Marianne : Vous allez jusqu’à écrire que la méritocratie et l’élitisme républicain ne sont plus que des mythes. C’est plutôt étonnant pour un haut fonctionnaire qui a fait l’essentiel de sa carrière à droite. Vous ne mâchez pas vos mots, notamment, à l’encontre de l’ex ministre Amélie Oudéa-Castéra et ce qu’elle incarne, selon vous, de l’élite à la française, coupée de toute réalité sociale.
Christophe Kerrero : Avec ses déclarations sur le lycée privé Stanislas – où elle avait mis ses enfants – et ses propos sur les professeurs absentéistes du public, cette ministre a incarné malgré elle le symbole d’une caste arrogante qui pratique sans complexe la ségrégation scolaire. Plus jeune, je croyais fermement à l’égalité des chances. Aujourd’hui, je pense que c’est un leurre. Les places fortes de l’élitisme scolaire qui conduisent au pouvoir politique, économique ou culturel sont à peine entrouvertes. Dans les grandes écoles, on ne trouve jamais plus de 10% d’étudiants issus de milieux défavorisés. Et moins de 5% dans les 10% les plus sélectives. Pas besoin d’être bourdieusien pour voir que ces chiffres sont figés depuis les années 1960 !

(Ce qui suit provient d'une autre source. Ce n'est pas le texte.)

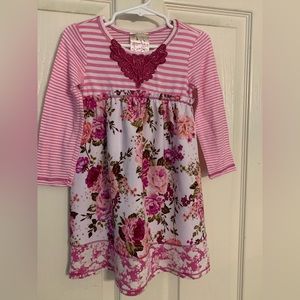 Pink Vanilla 4t long sleeve pink floral print dress
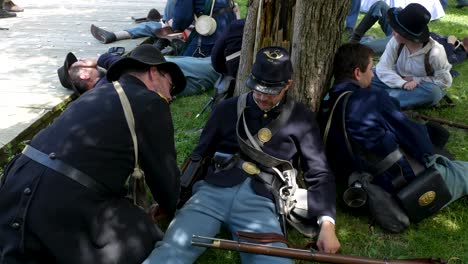 Reconstrucción-De-La-Batalla-De-La-Guerra-Civil-En-La-Aldea-De-Ohio-En-El-Centro-De-Historia-De-Ohio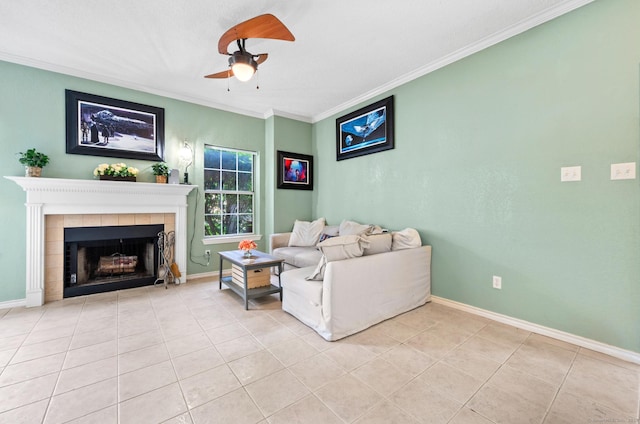 31 High St Unit 10103, East Hartford, CT 06118 - living area with a ceiling fan, ornamental molding, light tile patterned flooring, a fireplace, and baseboards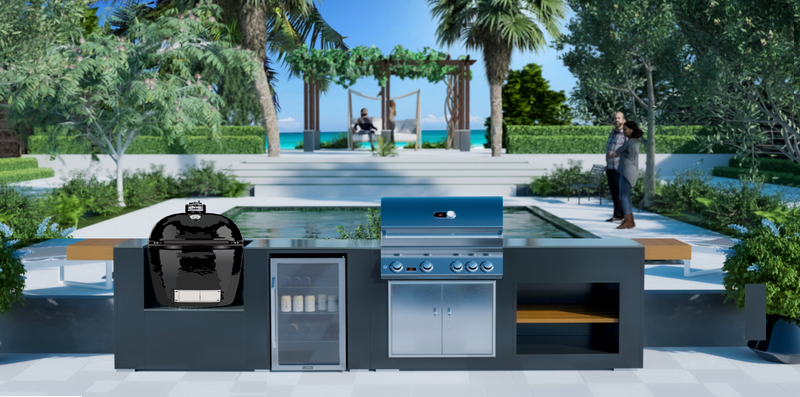 Grillandia Outdoor Kitchen Whistler Burford 4 Burner, and Primo Ceramic Grill - 4m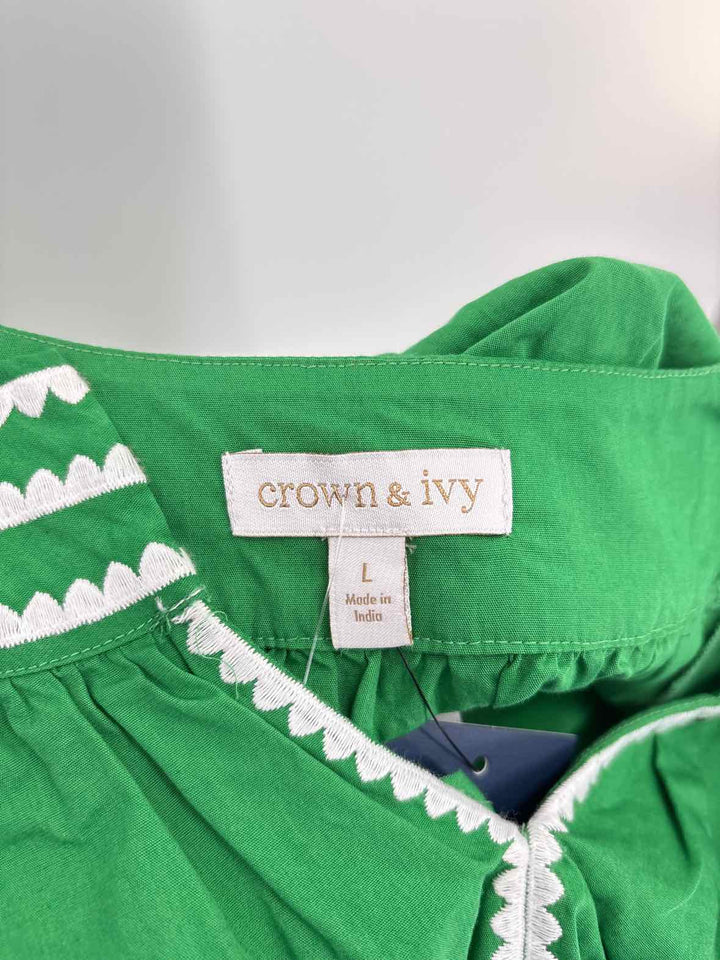 Size L CROWN & IVY Green Shirt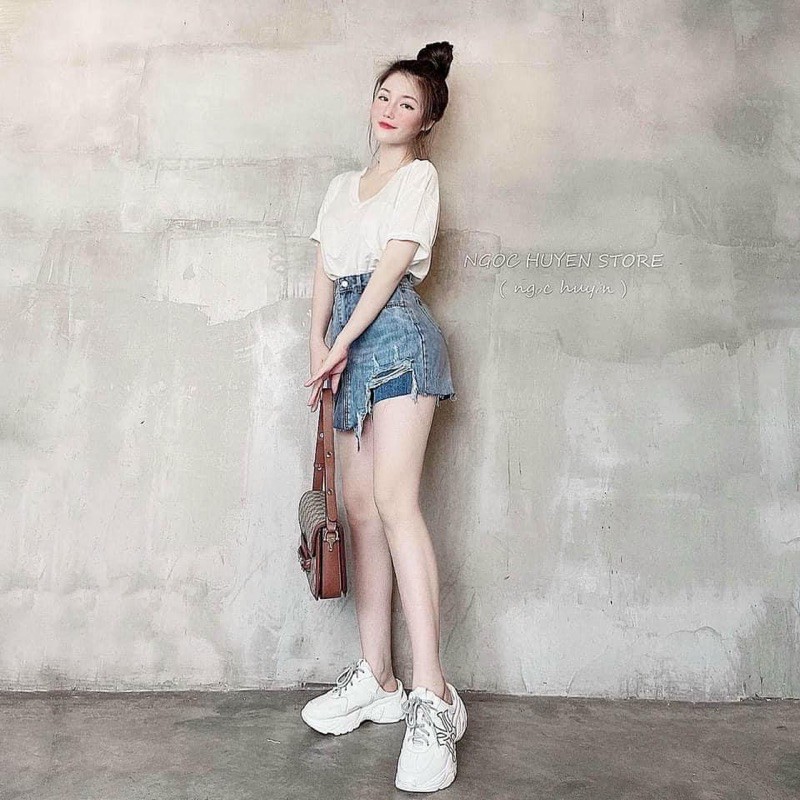 [Mã SKAMCLU7 giảm 10% tối đa 50K đơn 0Đ] quần short bò giả váy rách | BigBuy360 - bigbuy360.vn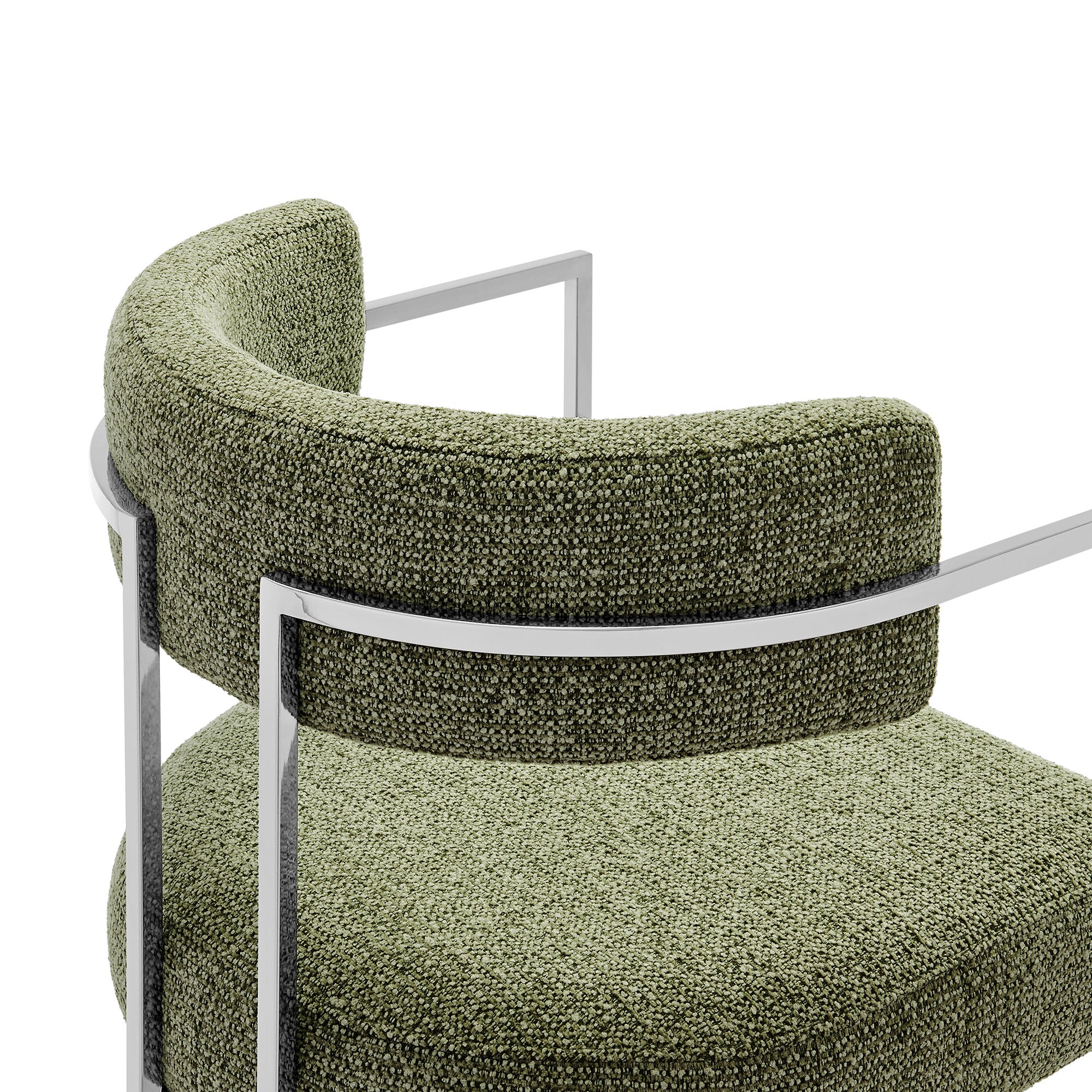 Huron Curved Back Fabric and Metal Dining Accent Chair, Silver Leaf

Quand on est né dans le ghetto, aujourd’hui, on y reste. Songez que les jeunes ayant passé leur bac à Paris ne représentent que 3% des élèves Français mais 27% des effectifs d’HEC et de Polytechnique ! Il ne faut pas s’étonner ensuite que nos élites soient déconnectées des préoccupations de la France périphérique. Les jusqu’au boutistes de l’élitisme « à la française » rétorqueront que dans un système pensé pour servir l’intérêt général et l’État, il est juste que les moins bons soient écartés des filières et des postes prestigieux. Et tant pis si ce sont les moins favorisés. Nous nous achetons une bonne conscience à peu de prix à coups de bourses et quotas. En réalité, les performances scolaires n’expliquent que pour partie l’accès en classes prépas. Je ne veux pas faire du « prépa bashing » mais leur fonctionnement, pétri d’individualisme et d’hyper-sélectivité, fait figure de modèle pour l’ensemble du système éducatif français. C’est un modèle de qualité pour extraire une élite. Mais il est devenu obsolète pour répondre aux défis d’aujourd’hui. Il est illégitime dans une société démocratique qui doit répondre aux besoins de l’école de masse.